River ha cercato il pareggio fino alla fine, ma dal Monumental è uscito Huracán con i tre punti. Il 2-1 della decima giornata della Zona B del Torneo Clausura ha lasciato molta amarezza a Nicolás Otamendi, che nel post partita ha analizzato una sconfitta difficile da accettare per il modo in cui è maturata.
“Nel calcio contano i risultati. Abbiamo perso ingiustamente una partita in cui abbiamo creato occasioni, abbiamo spinto in avanti, siamo stati pazienti”, ha dichiarato il capitano del River. Una lettura che parte dal gioco prodotto dal Millonario e arriva inevitabilmente agli episodi che hanno deciso la serata.
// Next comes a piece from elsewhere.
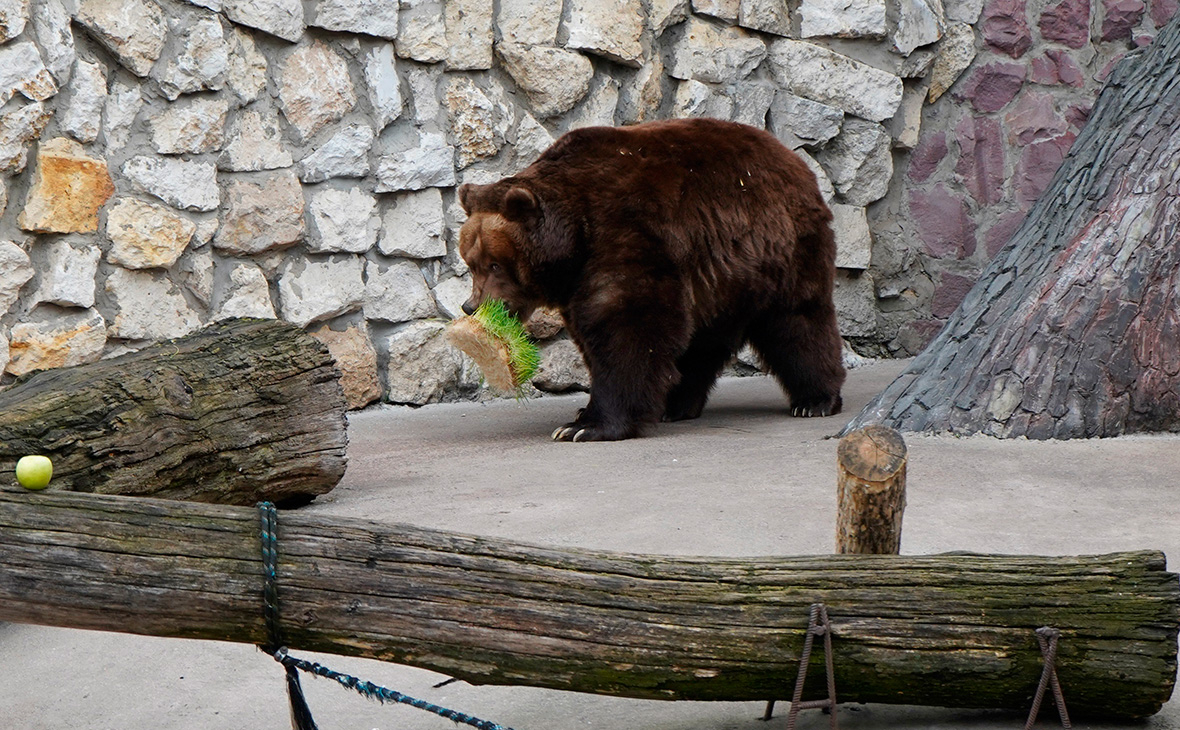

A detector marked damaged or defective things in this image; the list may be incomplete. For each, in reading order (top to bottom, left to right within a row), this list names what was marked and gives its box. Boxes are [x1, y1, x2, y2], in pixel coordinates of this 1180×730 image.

River rincorre, Galván pareggia ma Blondel decide la partita
Huracán ha trovato il vantaggio con Óscar Cortés, costringendo River a inseguire. La squadra di casa ha aumentato la pressione nella ripresa e al 19’ ha trovato l’1-1 con Tomás Galván, servito da Ángel Correa. Poco prima era stato annullato per fuorigioco anche un gol a Sebastián Driussi.Il pareggio sembrava aver rimesso River nelle condizioni di completare la rimonta, ma al 34’ del secondo tempo Lucas Blondel ha riportato avanti Huracán. Da quel momento il Millonario ha continuato ad attaccare, costruendo altre occasioni con Driussi, Arambarri, Quarta e Correa, senza però trovare il 2-2.
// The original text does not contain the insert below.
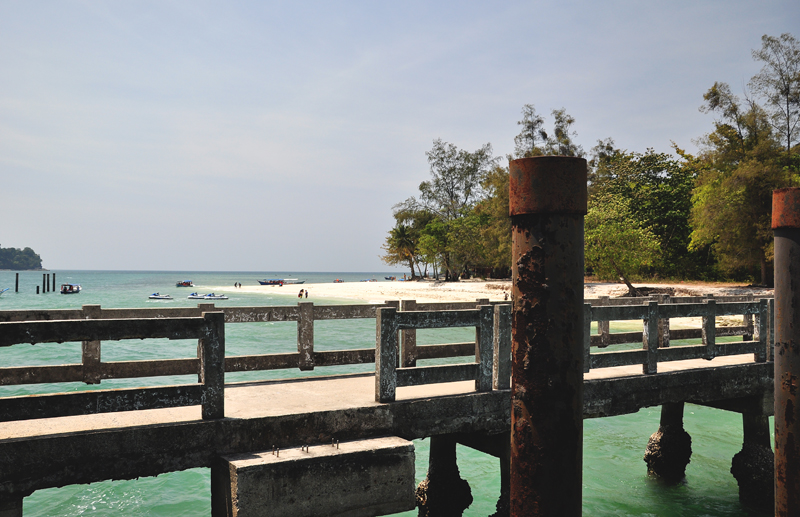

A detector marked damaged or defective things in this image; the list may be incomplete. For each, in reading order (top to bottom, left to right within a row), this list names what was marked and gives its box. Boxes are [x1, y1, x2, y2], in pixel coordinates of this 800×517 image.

rusty metal pole [510, 155, 584, 512]
rusted pole top [510, 155, 584, 512]
rusted pole top [772, 185, 800, 516]
rusty metal pole [776, 186, 800, 516]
È proprio sulla distanza tra quanto creato e il risultato finale che si concentra Otamendi: “Alla fine, nella disperazione di raggiungere la porta avversaria, sono iniziate le imprecisioni, ma abbiamo creato occasioni fino alla fine, abbiamo avuto grandi opportunità, abbiamo pareggiato e abbiamo continuato a spingere”.
Otamendi: “In due palle di me*** ci segnano”
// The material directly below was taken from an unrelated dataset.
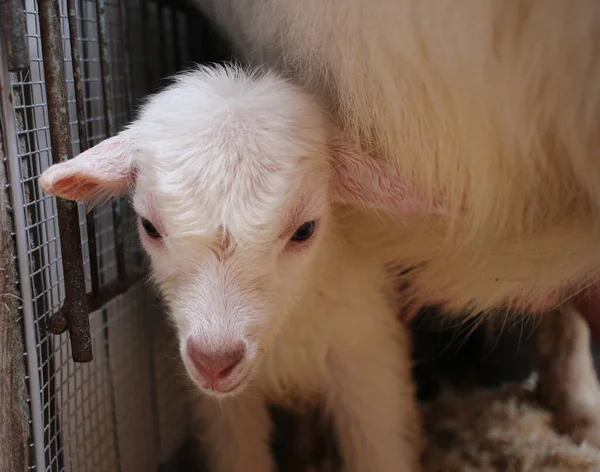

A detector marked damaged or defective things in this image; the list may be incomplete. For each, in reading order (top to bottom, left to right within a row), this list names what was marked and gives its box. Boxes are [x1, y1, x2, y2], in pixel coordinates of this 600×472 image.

Il capitano del River non ha nascosto la rabbia per il modo in cui Huracán è riuscito a sfruttare gli episodi favorevoli: “Ci segnano con due azioni davvero di me***, il risultato è diverso e annulla tutto quello che abbiamo fatto”, ha aggiunto Otamendi.Huracán punge River anche sui social
La vittoria al Monumental è proseguita anche fuori dal campo. Dopo il 2-1, l’account ufficiale di Huracán ha pubblicato le immagini dei festeggiamenti accompagnandole dalla frase: “No me la container”. Il riferimento è alla vicenda dei giocatori del River separati dal gruppo nei mesi scorsi e costretti ad allenarsi in una zona del centro sportivo di Cantilo dove erano presenti anche alcuni container. Huracán ha trasformato così il classico “no me la contés” in uno sfottò diretto al Millonario, aggiungendo un altro capitolo alla serata già amara della squadra di casa.Cosa aspetta ora River e Huracán
Il calendario concederà a River una pausa particolare. La gara dell’undicesima giornata contro il Sarmiento verrà infatti posticipata e il prossimo impegno sarà alla dodicesima giornata, in casa contro Estudiantes de Río Cuarto. Huracán tornerà invece in campo contro Aldosivi.
Al Monumental resta soprattutto la sensazione raccontata da Otamendi nel post partita: River ha costruito abbastanza per provare a cambiare il risultato, ma Huracán ha sfruttato meglio gli episodi che hanno indirizzato la gara.